Big boxes of 100+ chocolate bars are now over 20$ at superstore which seems crazy. Anyone see any deals for candy for the kids? Costco had the big chocolate bars for around 90 cents a bar which almost seems a better deal instead of making candy bags this year.

Anyone see any decent deals or flyer sales?

----------


## Tik-Tok

I find the best deal is to leave an empty bowl on the porch with a "Take one" sign. Then turn the lights out and watch movies downstairs, or attend a neighbors party.

----------


## ExtraSlow

This seems fine.

----------


## ExtraSlow

Coop seems fine.

----------


## sabad66

No idea when the sale expires tho, didn’t catch a close enough pic.

----------


## suntan

I get my kids to get Halloween candy via "trick or treating", and then I give that candy back out.

----------


## Disoblige

Dude don't be white and buy overpriced chocolate like what was posted.

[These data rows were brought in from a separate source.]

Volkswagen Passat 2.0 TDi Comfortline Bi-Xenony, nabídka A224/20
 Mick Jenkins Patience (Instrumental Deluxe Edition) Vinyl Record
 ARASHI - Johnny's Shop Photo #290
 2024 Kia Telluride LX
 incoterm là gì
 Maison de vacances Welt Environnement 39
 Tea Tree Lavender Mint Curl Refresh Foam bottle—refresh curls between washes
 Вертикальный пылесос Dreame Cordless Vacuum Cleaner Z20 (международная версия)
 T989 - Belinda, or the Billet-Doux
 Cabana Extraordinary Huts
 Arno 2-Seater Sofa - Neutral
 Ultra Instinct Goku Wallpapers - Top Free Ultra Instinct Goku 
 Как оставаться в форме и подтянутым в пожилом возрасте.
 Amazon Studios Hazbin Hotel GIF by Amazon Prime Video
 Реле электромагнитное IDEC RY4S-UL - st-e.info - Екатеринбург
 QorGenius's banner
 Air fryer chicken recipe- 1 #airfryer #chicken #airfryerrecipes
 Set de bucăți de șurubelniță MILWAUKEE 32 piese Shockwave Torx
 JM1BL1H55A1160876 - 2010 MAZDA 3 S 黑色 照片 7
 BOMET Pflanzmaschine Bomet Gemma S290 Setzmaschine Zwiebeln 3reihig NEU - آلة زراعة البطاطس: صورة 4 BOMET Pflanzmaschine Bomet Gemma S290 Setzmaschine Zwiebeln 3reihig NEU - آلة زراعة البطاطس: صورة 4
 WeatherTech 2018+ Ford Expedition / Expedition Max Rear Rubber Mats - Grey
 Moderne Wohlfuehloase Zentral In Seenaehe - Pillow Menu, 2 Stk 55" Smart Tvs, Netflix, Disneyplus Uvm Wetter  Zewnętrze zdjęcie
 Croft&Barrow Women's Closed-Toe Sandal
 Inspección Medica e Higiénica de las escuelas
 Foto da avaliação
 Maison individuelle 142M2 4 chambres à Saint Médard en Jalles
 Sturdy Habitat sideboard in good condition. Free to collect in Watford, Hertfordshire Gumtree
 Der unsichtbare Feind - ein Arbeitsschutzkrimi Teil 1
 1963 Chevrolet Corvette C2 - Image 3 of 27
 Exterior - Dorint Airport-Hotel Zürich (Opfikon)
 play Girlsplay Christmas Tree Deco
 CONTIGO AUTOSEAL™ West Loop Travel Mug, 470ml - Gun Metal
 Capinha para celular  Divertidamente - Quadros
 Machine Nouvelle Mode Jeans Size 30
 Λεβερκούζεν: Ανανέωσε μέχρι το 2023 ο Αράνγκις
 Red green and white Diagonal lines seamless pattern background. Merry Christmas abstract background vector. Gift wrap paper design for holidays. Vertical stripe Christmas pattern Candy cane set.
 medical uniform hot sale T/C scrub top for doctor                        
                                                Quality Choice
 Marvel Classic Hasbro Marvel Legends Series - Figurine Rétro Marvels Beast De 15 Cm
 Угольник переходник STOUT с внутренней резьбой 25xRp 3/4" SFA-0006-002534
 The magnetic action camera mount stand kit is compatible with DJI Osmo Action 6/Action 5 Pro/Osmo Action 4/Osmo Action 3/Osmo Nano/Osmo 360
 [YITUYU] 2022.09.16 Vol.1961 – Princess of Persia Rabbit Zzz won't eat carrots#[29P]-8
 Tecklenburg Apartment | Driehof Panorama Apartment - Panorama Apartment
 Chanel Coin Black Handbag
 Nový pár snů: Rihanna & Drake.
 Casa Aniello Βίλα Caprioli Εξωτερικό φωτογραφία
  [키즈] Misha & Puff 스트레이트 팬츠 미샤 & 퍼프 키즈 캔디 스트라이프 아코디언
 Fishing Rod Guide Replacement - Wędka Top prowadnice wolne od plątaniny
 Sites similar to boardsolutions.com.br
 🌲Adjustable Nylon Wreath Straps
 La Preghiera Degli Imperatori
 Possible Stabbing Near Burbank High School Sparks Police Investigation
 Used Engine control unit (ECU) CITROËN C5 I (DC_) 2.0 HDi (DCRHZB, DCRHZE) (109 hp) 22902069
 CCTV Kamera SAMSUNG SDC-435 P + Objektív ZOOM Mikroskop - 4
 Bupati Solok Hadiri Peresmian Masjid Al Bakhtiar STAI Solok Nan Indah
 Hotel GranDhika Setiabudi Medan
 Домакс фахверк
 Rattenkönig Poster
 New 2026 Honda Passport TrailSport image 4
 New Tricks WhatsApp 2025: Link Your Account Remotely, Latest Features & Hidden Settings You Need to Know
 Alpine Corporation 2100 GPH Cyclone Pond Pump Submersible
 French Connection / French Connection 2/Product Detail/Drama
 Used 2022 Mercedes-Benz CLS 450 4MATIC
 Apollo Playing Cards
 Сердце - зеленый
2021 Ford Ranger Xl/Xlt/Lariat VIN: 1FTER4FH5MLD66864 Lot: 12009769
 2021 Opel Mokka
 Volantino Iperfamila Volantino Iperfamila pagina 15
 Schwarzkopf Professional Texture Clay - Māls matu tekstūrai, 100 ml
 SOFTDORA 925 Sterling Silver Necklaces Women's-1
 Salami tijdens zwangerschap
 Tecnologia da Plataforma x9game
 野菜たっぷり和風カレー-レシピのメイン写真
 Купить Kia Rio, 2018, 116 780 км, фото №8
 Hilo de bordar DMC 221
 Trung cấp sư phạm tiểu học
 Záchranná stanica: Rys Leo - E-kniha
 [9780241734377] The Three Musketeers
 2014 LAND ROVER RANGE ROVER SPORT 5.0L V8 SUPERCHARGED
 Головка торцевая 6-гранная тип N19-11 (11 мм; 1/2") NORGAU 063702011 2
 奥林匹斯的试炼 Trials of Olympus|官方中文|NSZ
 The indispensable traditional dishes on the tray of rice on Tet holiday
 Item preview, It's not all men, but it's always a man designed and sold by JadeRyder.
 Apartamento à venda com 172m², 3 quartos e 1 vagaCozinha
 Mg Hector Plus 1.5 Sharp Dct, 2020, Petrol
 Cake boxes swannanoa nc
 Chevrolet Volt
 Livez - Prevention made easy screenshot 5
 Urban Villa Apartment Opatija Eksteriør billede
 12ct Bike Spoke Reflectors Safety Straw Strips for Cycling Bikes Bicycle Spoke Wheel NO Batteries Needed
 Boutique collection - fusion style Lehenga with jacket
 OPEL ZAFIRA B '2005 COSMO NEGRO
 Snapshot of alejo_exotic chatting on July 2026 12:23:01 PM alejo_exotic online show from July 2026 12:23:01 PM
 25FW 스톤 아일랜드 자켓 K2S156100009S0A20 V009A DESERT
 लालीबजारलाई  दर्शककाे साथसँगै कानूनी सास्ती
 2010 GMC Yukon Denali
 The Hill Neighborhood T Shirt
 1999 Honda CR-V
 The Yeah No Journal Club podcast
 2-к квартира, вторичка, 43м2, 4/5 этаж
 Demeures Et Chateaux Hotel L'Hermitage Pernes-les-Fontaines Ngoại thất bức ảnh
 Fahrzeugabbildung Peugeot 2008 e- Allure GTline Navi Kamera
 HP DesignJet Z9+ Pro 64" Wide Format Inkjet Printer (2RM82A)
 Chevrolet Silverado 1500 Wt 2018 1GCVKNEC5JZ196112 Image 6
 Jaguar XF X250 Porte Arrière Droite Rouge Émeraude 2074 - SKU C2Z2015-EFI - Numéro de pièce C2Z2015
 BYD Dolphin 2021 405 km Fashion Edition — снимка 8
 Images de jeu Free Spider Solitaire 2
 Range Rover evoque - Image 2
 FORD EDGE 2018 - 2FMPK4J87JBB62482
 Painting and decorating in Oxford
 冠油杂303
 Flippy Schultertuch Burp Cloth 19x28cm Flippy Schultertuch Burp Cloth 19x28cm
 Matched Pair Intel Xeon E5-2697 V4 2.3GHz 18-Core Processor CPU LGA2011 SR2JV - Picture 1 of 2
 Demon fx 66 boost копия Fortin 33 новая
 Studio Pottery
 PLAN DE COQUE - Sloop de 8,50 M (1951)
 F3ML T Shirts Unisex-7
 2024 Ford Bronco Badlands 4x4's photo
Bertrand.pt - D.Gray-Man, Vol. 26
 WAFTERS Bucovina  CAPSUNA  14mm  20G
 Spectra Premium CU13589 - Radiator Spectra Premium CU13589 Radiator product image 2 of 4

Sabad's not bad but I seen cheaper. Shoppers had 100 for $11.99 last week and you can lump it with 20x points offers. So just wait.

You do this enough years you will never buy too early again. I'll post my deal when I see it although I still have a ton of candy that hasn't expired yet.

----------


## DonJuan

> I get my kids to get Halloween candy via "trick or treating", and then I give that candy back out.



Tell me you're asian without telling me you're asian.

----------


## suntan

> Tell me you're asian without telling me you're asian.



I must make my ancestors proud!

----------


## DonJuan

Hey at least you are giving candy out  :Big Grin:

----------


## Disoblige

> I must make my ancestors proud!



You disappoint them badly man.

You are supposed to save money twice fold by not buying candy and energy costs by turning the lights off.

----------


## Disoblige

If you really want to buy chocolate now, stack this deal with whatever applicable PC optimum offer for Shoppers.



Oct 8-9 but I am sure you will see the deal again.

----------